**WORK ITEM**
Every entry needs to be written out again exactly, with its pictures removed.
.....
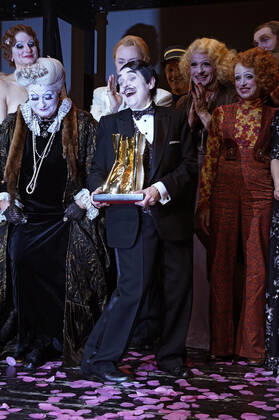 Katharina Thalbach und Ensemble-Mitglieder bei der Verleihung des Publikumspreises Goldener Vorhang an Katharina Thalbach nach der Vorstellung des Theaterstücks Mord im Orient-Expess in der Komödie am Kurfürstendamm im Schiller Theater. Berlin, 11.09.2022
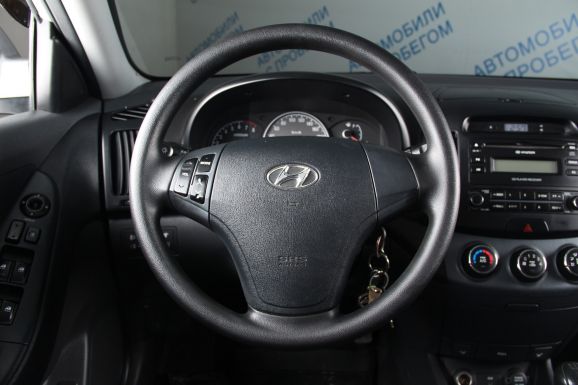 Hyundai Elantra GLS, 1.6 л, МТ, 2011 фото 11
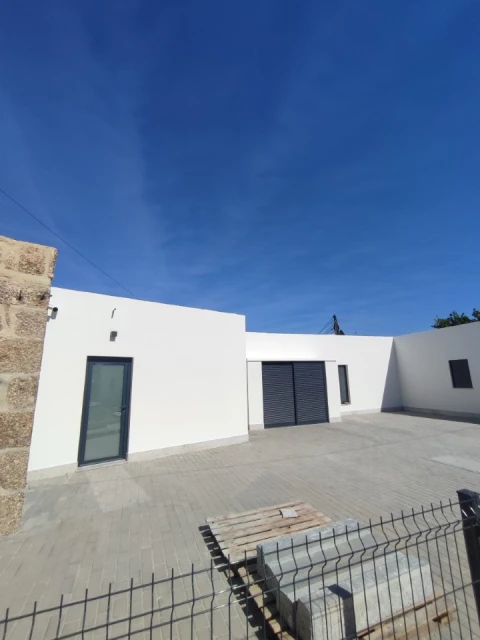 Moradia T11 para Venda em Antas e Abade de Vermoim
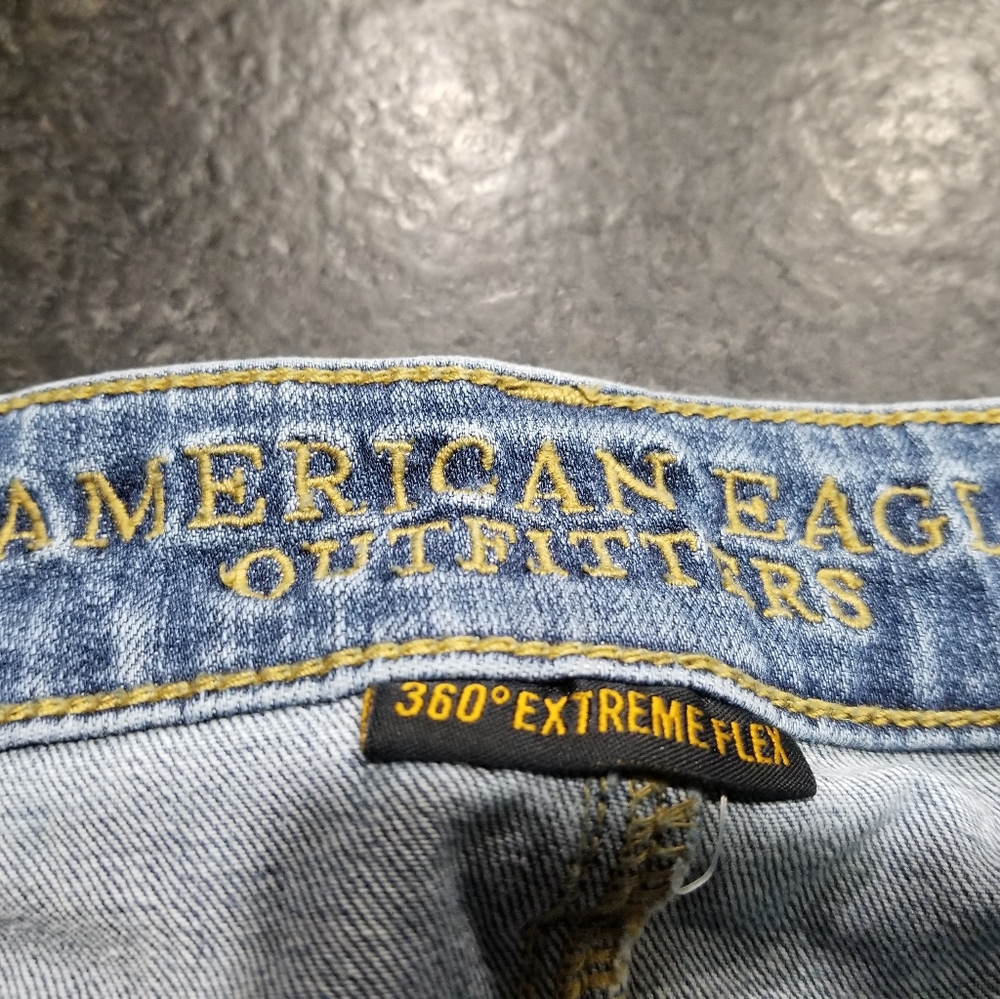 Jeans - Picture 2 of 4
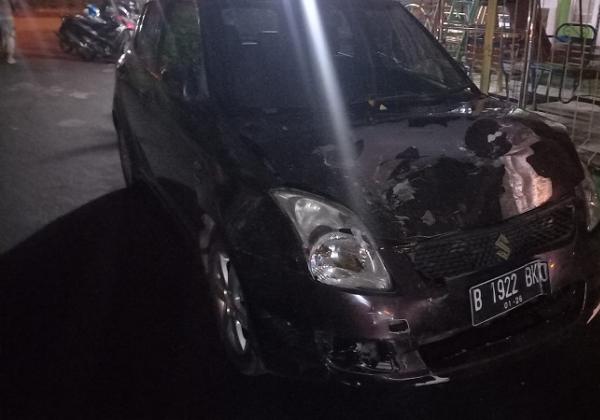 Diduga Salah Injak Pedal Gas, Lansia Bawa Suzuki Swift Tabrak 5 Gerobak Pedagang Kaki Lima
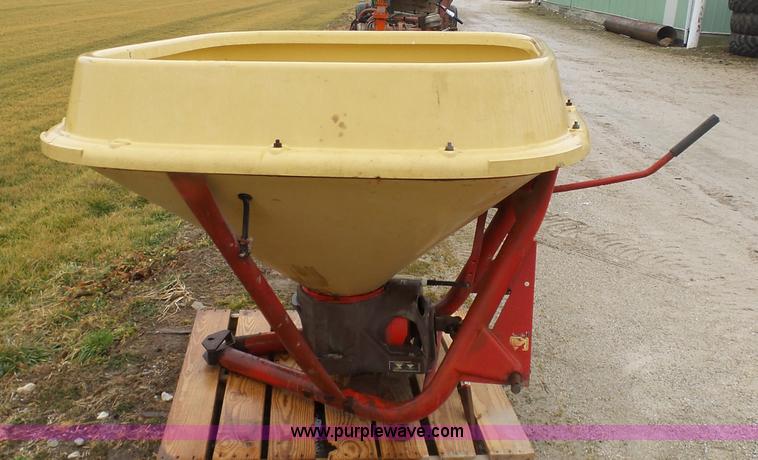image for item K7652 Vicon spreader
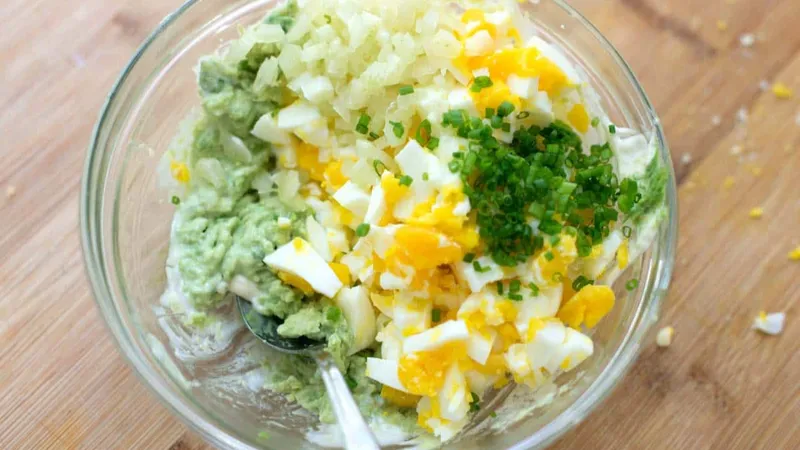 Trộn trứng luộc với rau xà lách, bơ và một chút dầu ô liu để tạo món salad giàu dinh dưỡng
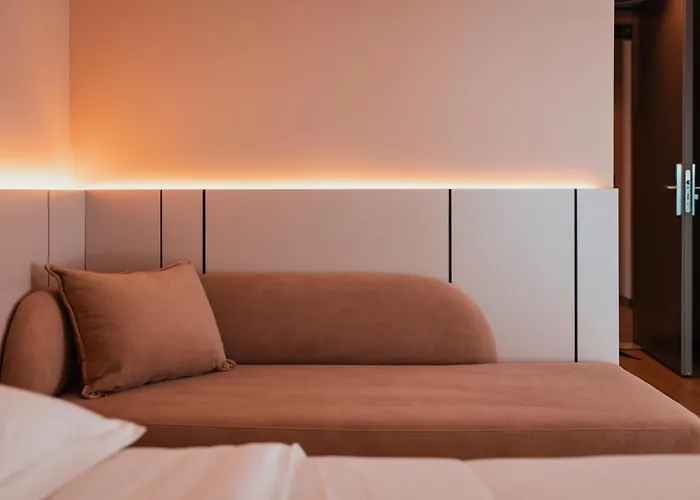 Royal G Deluxe Hotel 5*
.....
**EXERCISE OUTPUT**
 Katharina Thalbach und Ensemble-Mitglieder bei der Verleihung des Publikumspreises Goldener Vorhang an Katharina Thalbach nach der Vorstellung des Theaterstücks Mord im Orient-Expess in der Komödie am Kurfürstendamm im Schiller Theater. Berlin, 11.09.2022
 Hyundai Elantra GLS, 1.6 л, МТ, 2011 фото 11
 Moradia T11 para Venda em Antas e Abade de Vermoim
 Jeans - Picture 2 of 4
 Diduga Salah Injak Pedal Gas, Lansia Bawa Suzuki Swift Tabrak 5 Gerobak Pedagang Kaki Lima
image for item K7652 Vicon spreader
 Trộn trứng luộc với rau xà lách, bơ và một chút dầu ô liu để tạo món salad giàu dinh dưỡng
 Royal G Deluxe Hotel 5*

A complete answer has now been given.